As an example, twice in the film we see instances of classmates stealing one another’s work and calling it their own, with that intellectual betrayal leading to horror—this echo, drawing an emphatic underline beneath the point it’s making, shows that the well-to-do in the Capitol of Panem, those closest to power, are utterly poisoned by it. This movie is, in its way, the Young Adult version of Jonathan Glazer’s forthcoming Nazi-camp allegory The Zone of Interest, which was an unexpected but welcome parallel to discover to say the least!

This is all to say that this Hunger Games movie is bleak, bleak as all get out. But it’s profound too—as profound as a movie with characters named “Hilarius Heavensbee” and “Clemensia Dovecote” and “Vipsania Sickle” can be, anyway. It reveals itself to be deeply invested in dissecting the ways the powers that be can turn people against one another, be it through something as simple as an intellectual exercise or as dire as a fight to the death. And how we’ll gladly put our own boots on our neighbor’s necks without even thinking about it, depending on the carrot we’re shown.

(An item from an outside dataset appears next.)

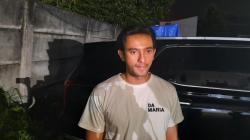 Omar Daniel Ulang Tahun ke-29, Berharap Bisa Jadi Pribadi Lebih Baik Lagi 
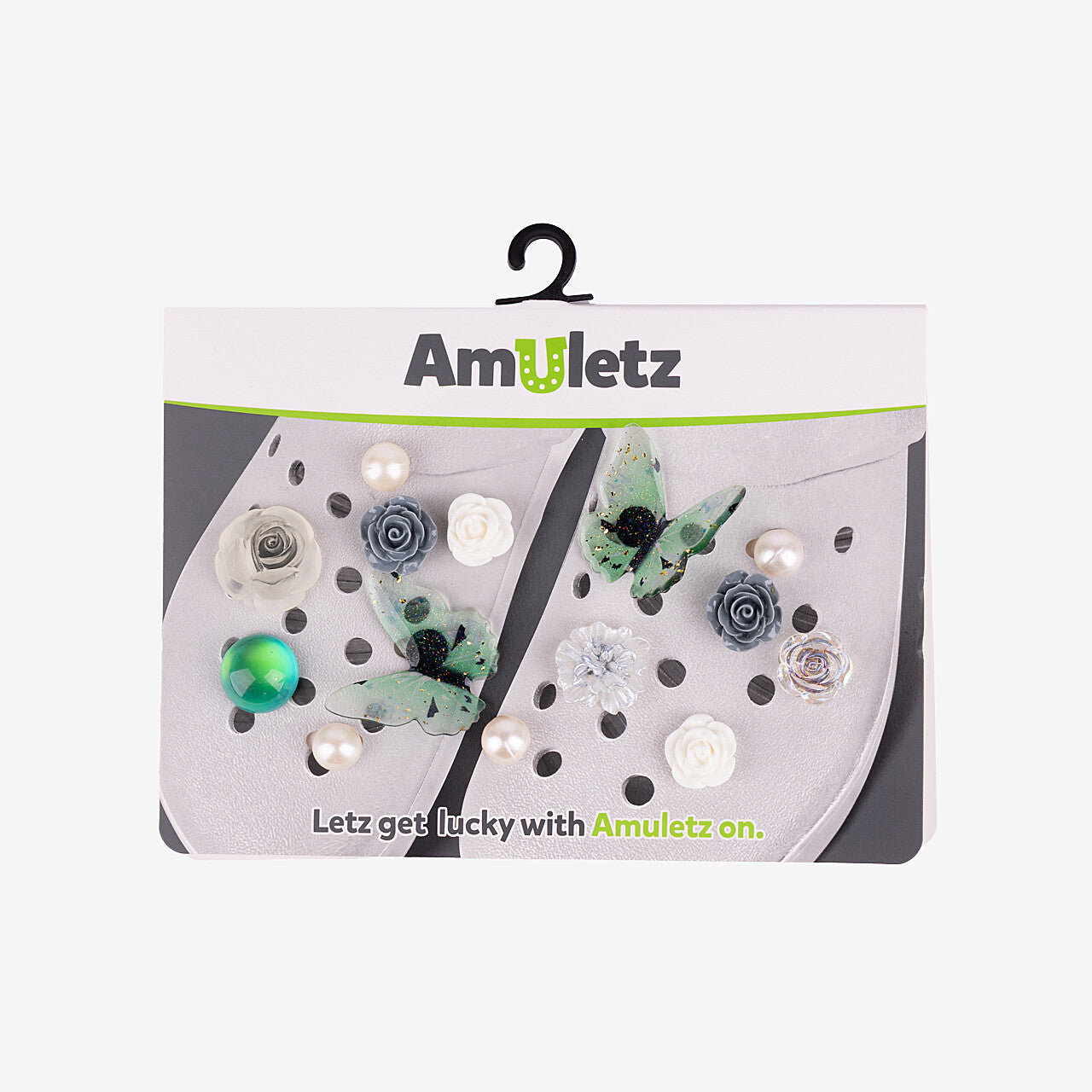 Amuletz Coqui Mix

It is, I don’t hesitate to say in the slightest even as I’m a little shocked to be saying it, the richest and most meaningful film of the entire franchise. A heartbreaker with beautiful highs (sing Rachel Zegler, sing!) and devastating lows, The Ballad of Songbirds & Snakes fulfills all of the promise of its dark premise. And it, dare I say, leaves us in the exact same state as the people of Panem at its end—wanting even more Hunger Games!